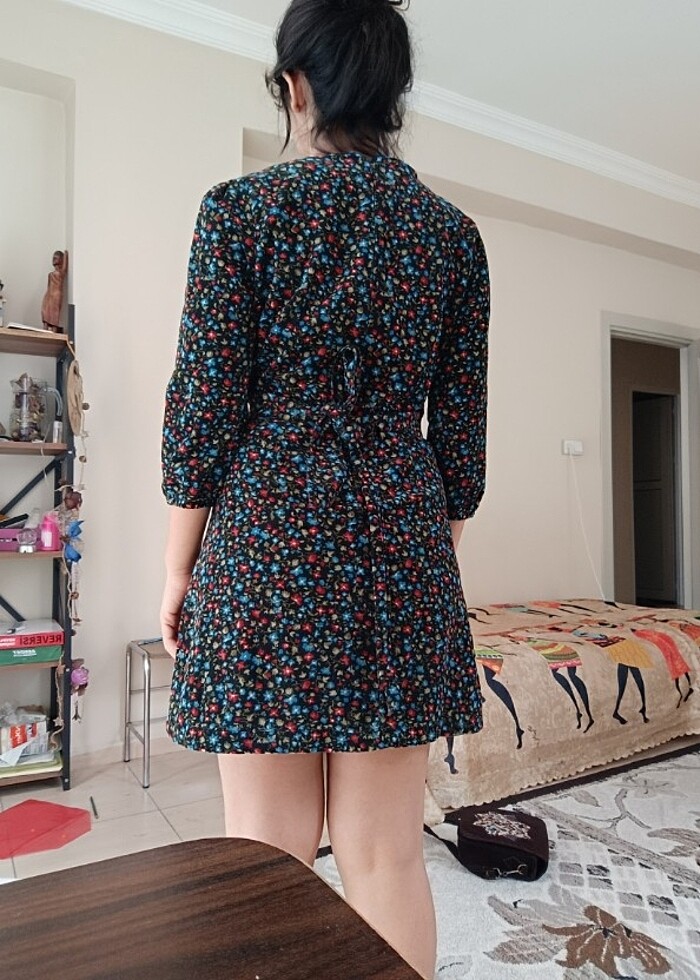 Çiçekli Kadife elbise, koton - Görsel 2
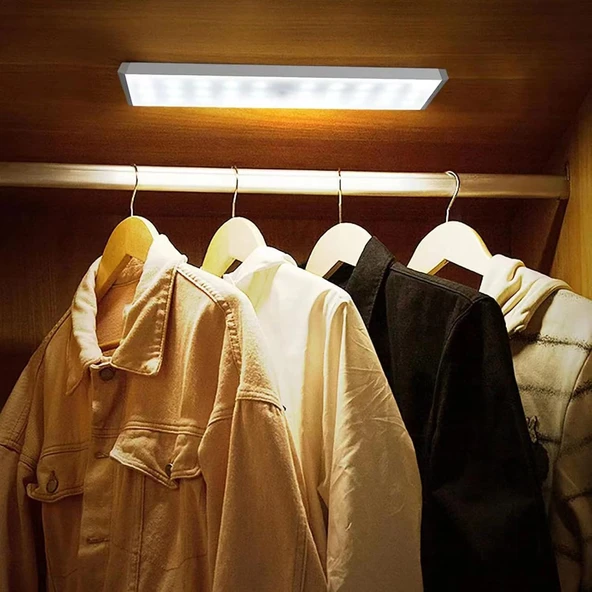 30 LED HAREKET SENSÖRLÜ 20 CM DOLAP İÇİ MUTFAK KORİDOR MERDİVEN AYDINLATMA IŞIĞI LED IŞIK - 5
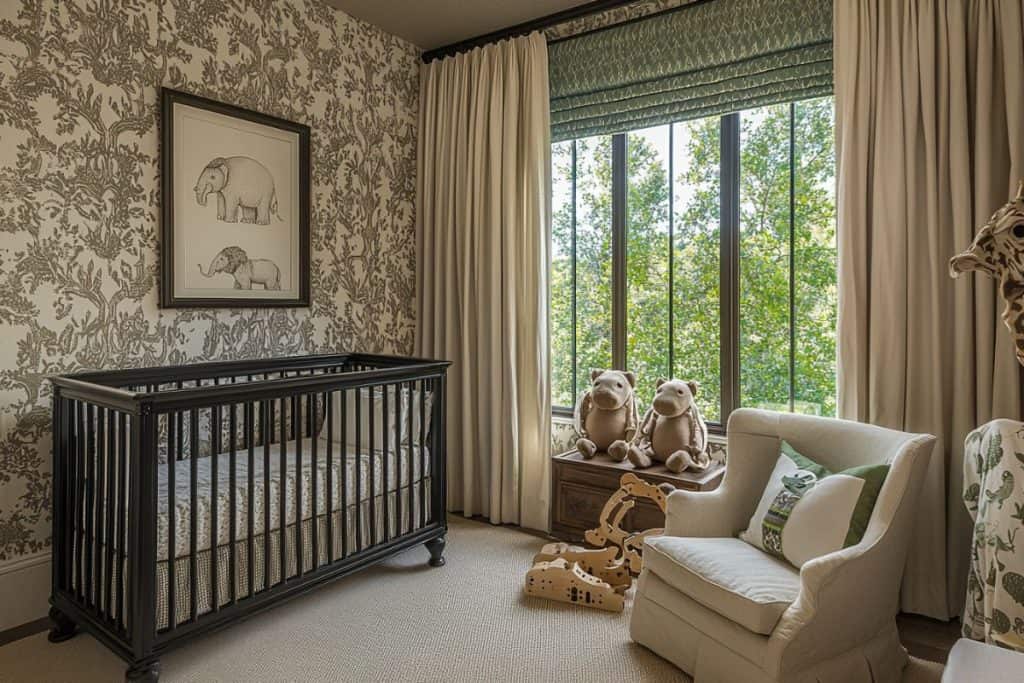 A cozy girl nursery featuring a black crib with patterned bedding, elephant wall art, and floral wallpaper. A soft armchair and plush animal toys add charm near a large window with elegant drapery.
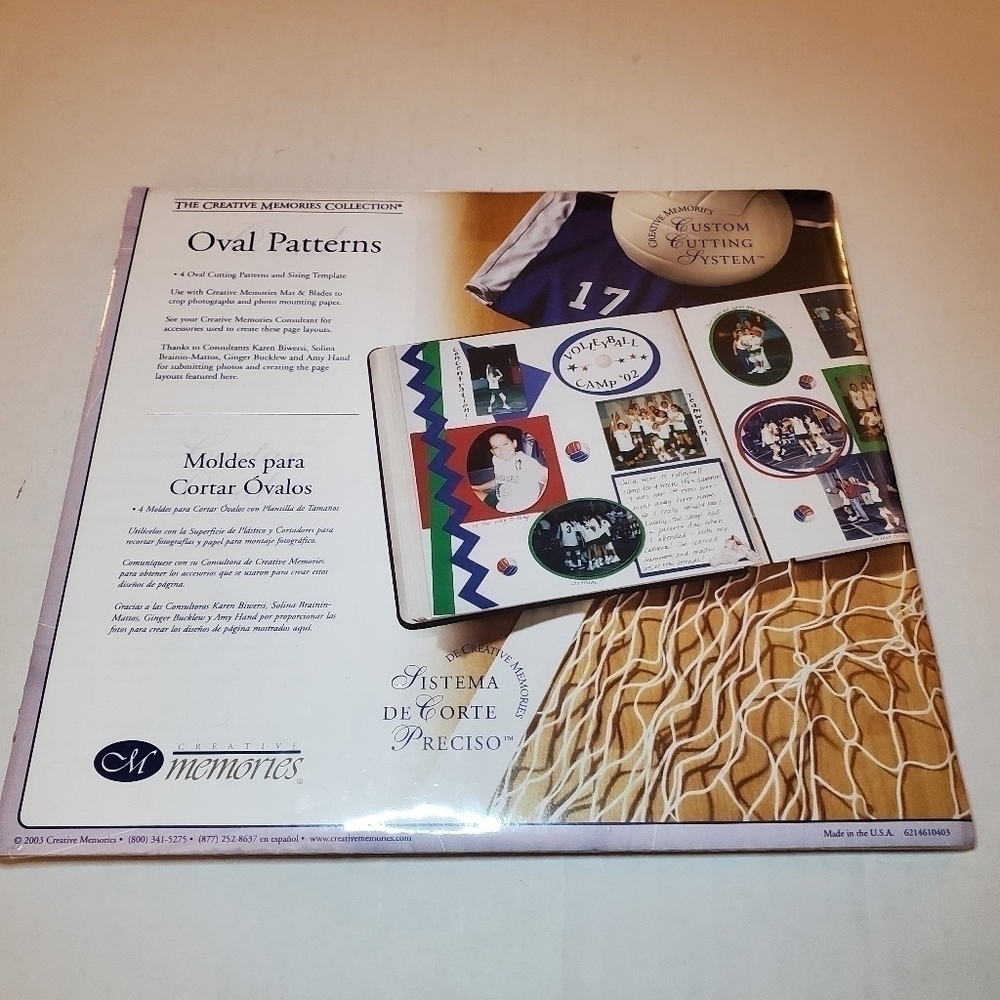 Creative Memories Custom Cutting System Oval Cutting Patterns & Template ~ New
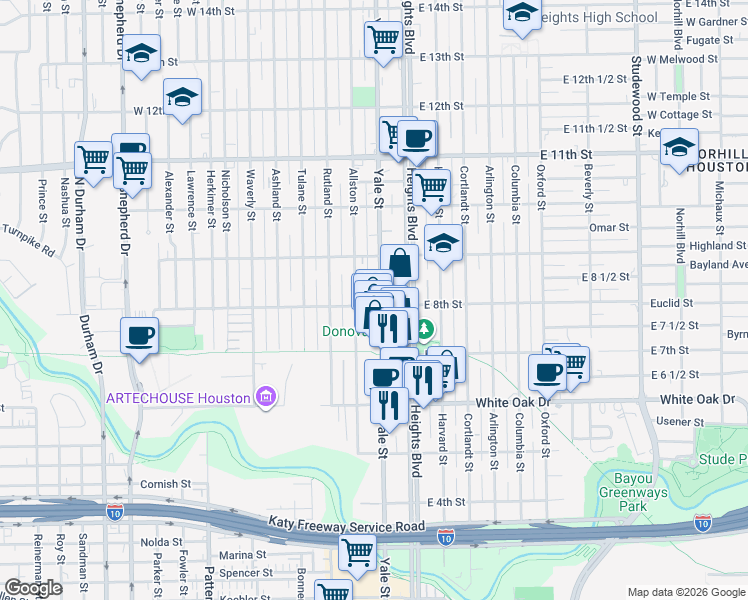 map of restaurants, bars, coffee shops, grocery stores, and more near 803 Yale Street in Houston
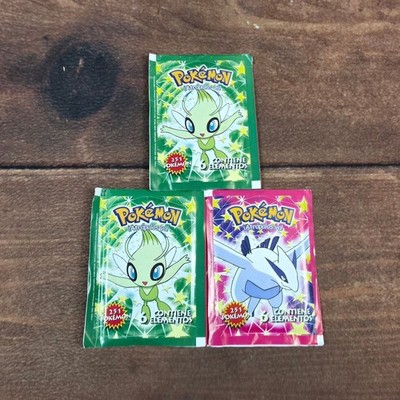 Pokemon Atrápalos Ya Sticker Packs Lugia Celebi OS Green Pink New Sealed Johto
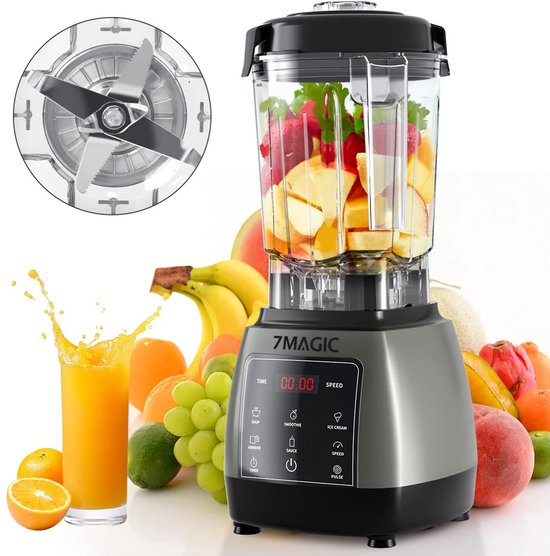 Zerova Blender 2000W - Smoothie maker - Blender Smoothie - Keukenmachine - Foodprocessor - 2L Kan - 6 RVS messen - zwart — afbeelding 2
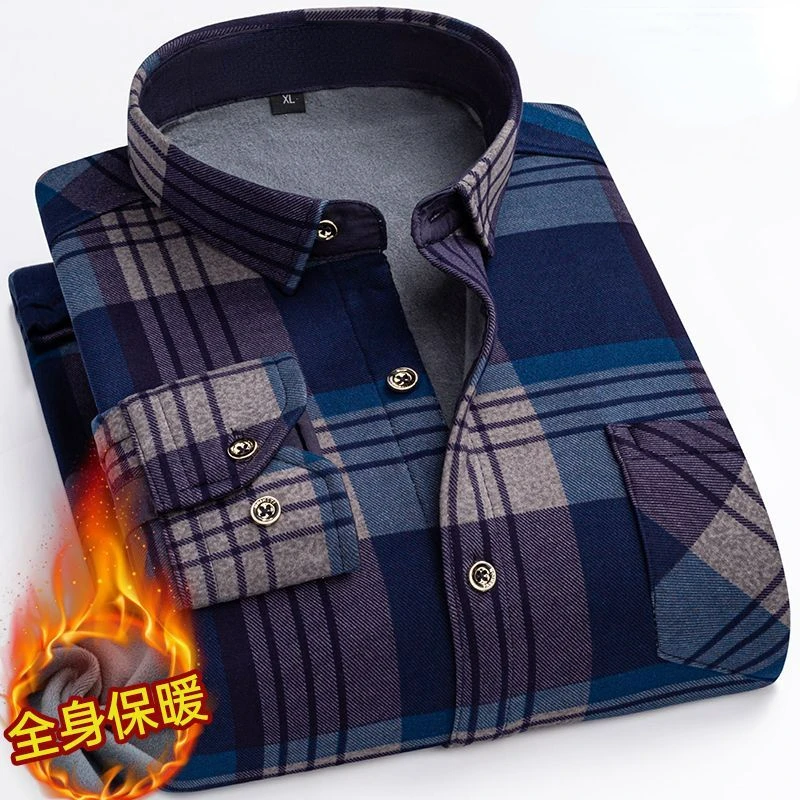 2022 Autumn/Winter New Men\'s Fashion Casual Plaid Long Sleeve Shirt Men\'s Fleece and Thick Warm High Quality Large Size Shirt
================================
§ Assignment
Word for word, retype the lines from the one with "30 LED HAREKET" through the final line of the data, both included. No pictures belong in the copy.

§ Result below
 30 LED HAREKET SENSÖRLÜ 20 CM DOLAP İÇİ MUTFAK KORİDOR MERDİVEN AYDINLATMA IŞIĞI LED IŞIK - 5
 A cozy girl nursery featuring a black crib with patterned bedding, elephant wall art, and floral wallpaper. A soft armchair and plush animal toys add charm near a large window with elegant drapery.
 Creative Memories Custom Cutting System Oval Cutting Patterns & Template ~ New
 map of restaurants, bars, coffee shops, grocery stores, and more near 803 Yale Street in Houston
 Pokemon Atrápalos Ya Sticker Packs Lugia Celebi OS Green Pink New Sealed Johto
 Zerova Blender 2000W - Smoothie maker - Blender Smoothie - Keukenmachine - Foodprocessor - 2L Kan - 6 RVS messen - zwart — afbeelding 2
 2022 Autumn/Winter New Men\'s Fashion Casual Plaid Long Sleeve Shirt Men\'s Fleece and Thick Warm High Quality Large Size Shirt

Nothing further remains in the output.